- _What is expected_
The answer must be an exact copy of the entries below, with no images in it.

- _Task material_
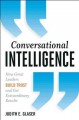 Conversational intelligence : how great leaders build trust and get extraordinary results  Cover Image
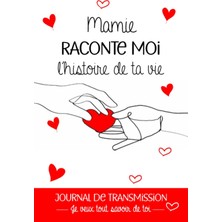 Sh Ticaret Mamie, Raconte Moi L’histoire De Ta Vie. Journal De Transmission: Journal À Compléter Avec Ou Pour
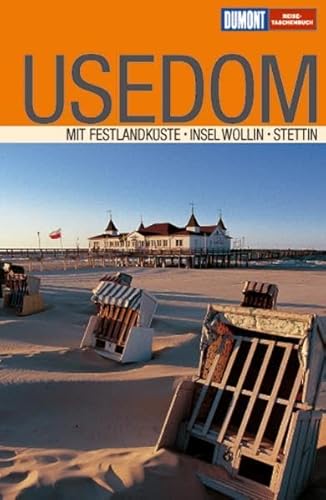 DuMont Reise-Taschenbuch Usedom: Mit Festlandküste, Insel Wollin, Stetten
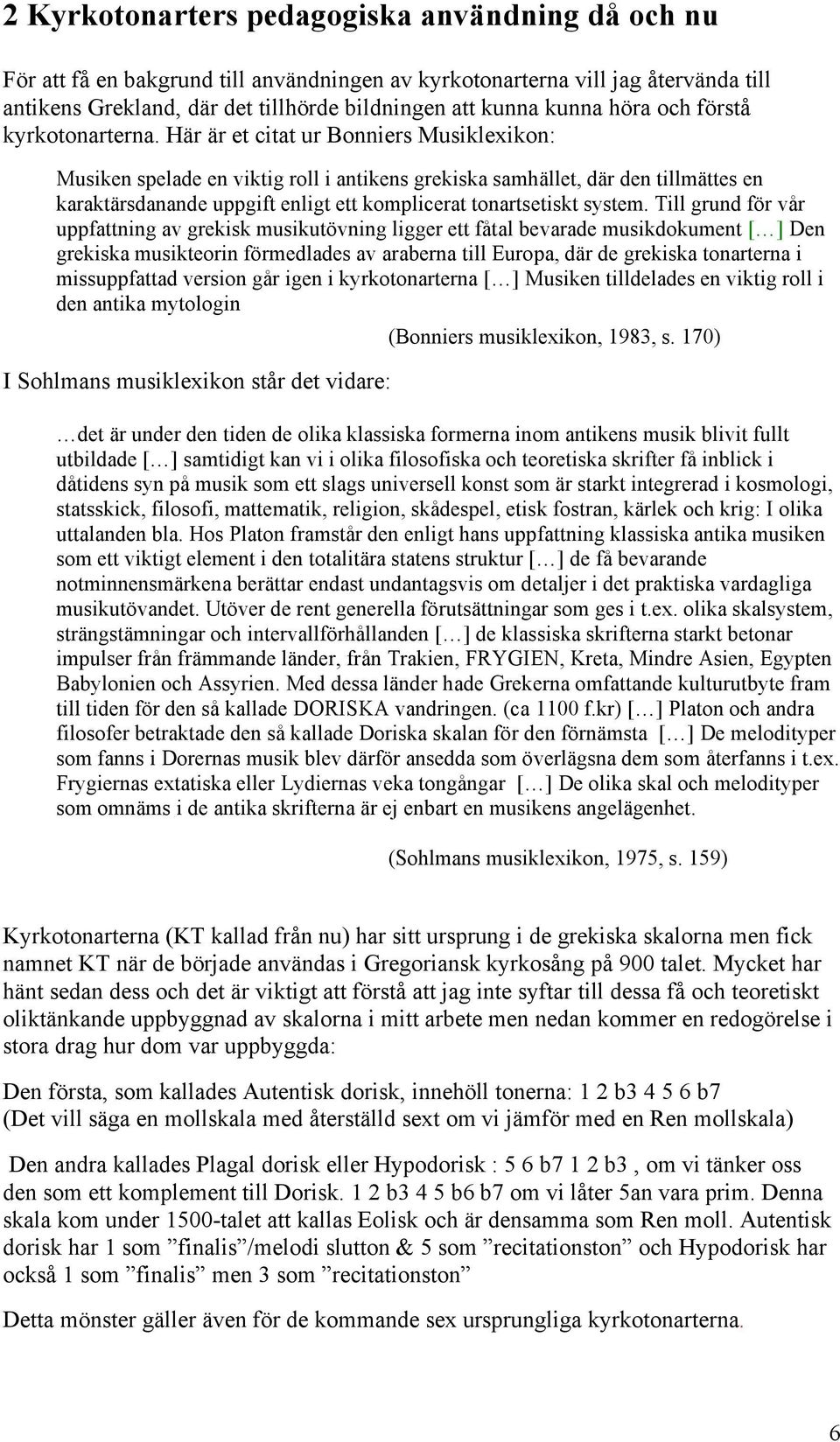 Här är et citat ur Bonniers Musiklexikon: Musiken spelade en viktig roll i antikens grekiska samhället, där den tillmättes en karaktärsdanande uppgift enligt ett komplicerat tonartsetiskt system.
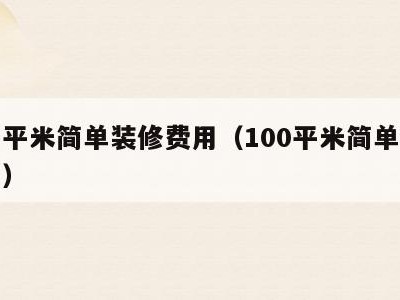 一百平米简单装修费用(100平米简单装修费用)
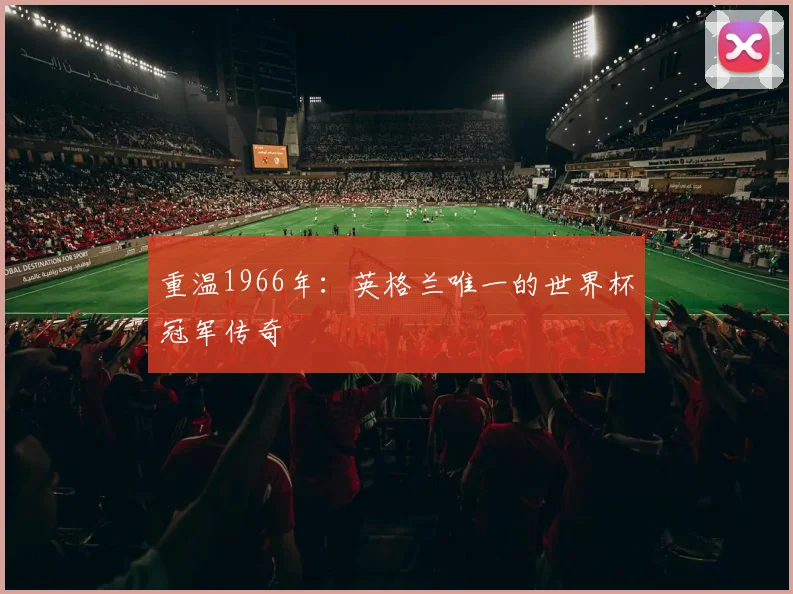 重温1966年：英格兰唯一的世界杯冠军传奇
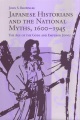 Japanese historians and the national myths, 1600-1945 : the age of the gods and Emperor Jinmu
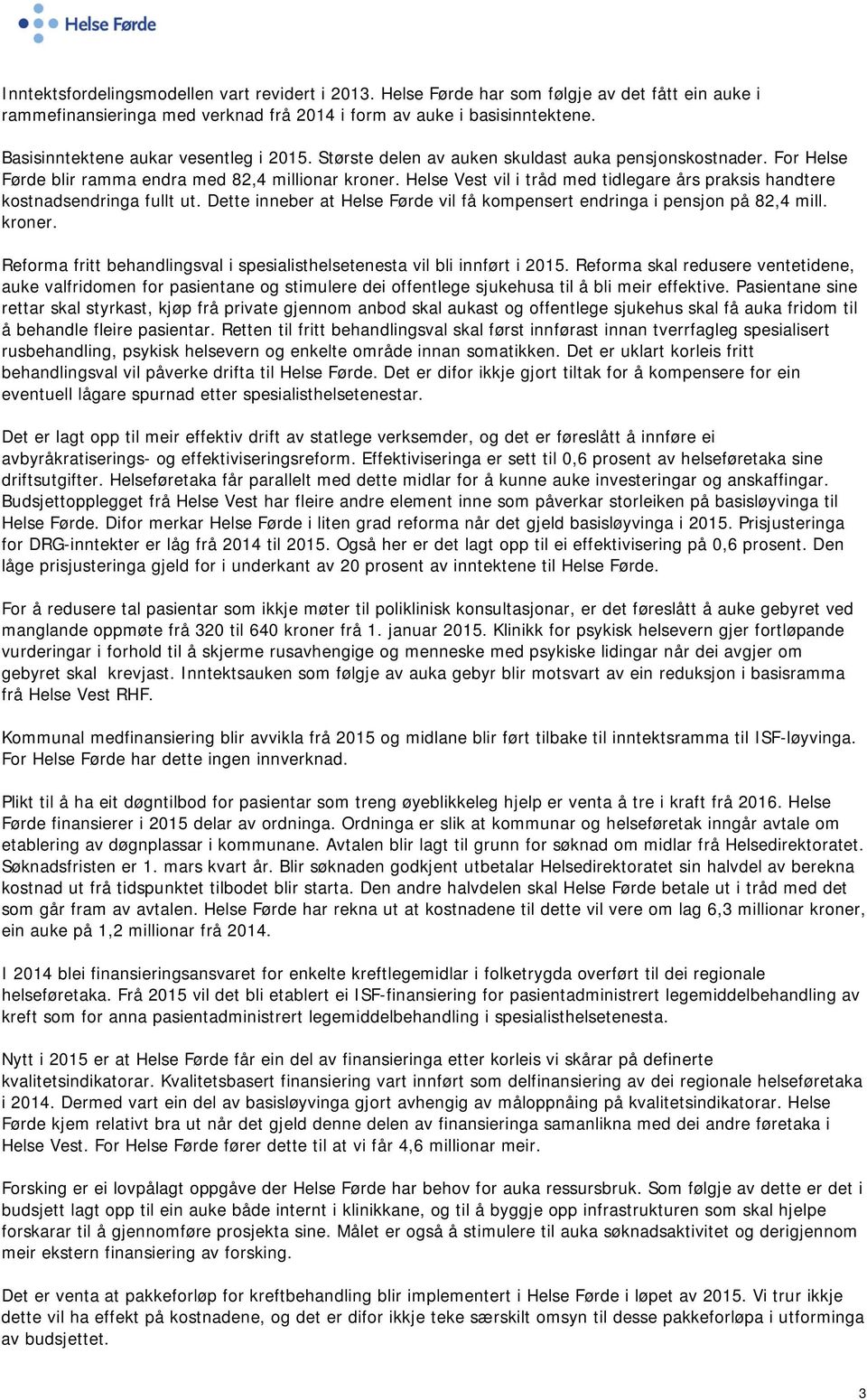 Helse Vest vil i tråd med tidlegare års praksis handtere kostnadsendringa fullt ut. Dette inneber at Helse Førde vil få kompensert endringa i pensjon på 82,4 mill. kroner.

- _Response area_
 Conversational intelligence : how great leaders build trust and get extraordinary results  Cover Image
 Sh Ticaret Mamie, Raconte Moi L’histoire De Ta Vie. Journal De Transmission: Journal À Compléter Avec Ou Pour
 DuMont Reise-Taschenbuch Usedom: Mit Festlandküste, Insel Wollin, Stetten
 Här är et citat ur Bonniers Musiklexikon: Musiken spelade en viktig roll i antikens grekiska samhället, där den tillmättes en karaktärsdanande uppgift enligt ett komplicerat tonartsetiskt system.
 一百平米简单装修费用(100平米简单装修费用)
 重温1966年：英格兰唯一的世界杯冠军传奇
 Japanese historians and the national myths, 1600-1945 : the age of the gods and Emperor Jinmu
 Helse Vest vil i tråd med tidlegare års praksis handtere kostnadsendringa fullt ut. Dette inneber at Helse Førde vil få kompensert endringa i pensjon på 82,4 mill. kroner.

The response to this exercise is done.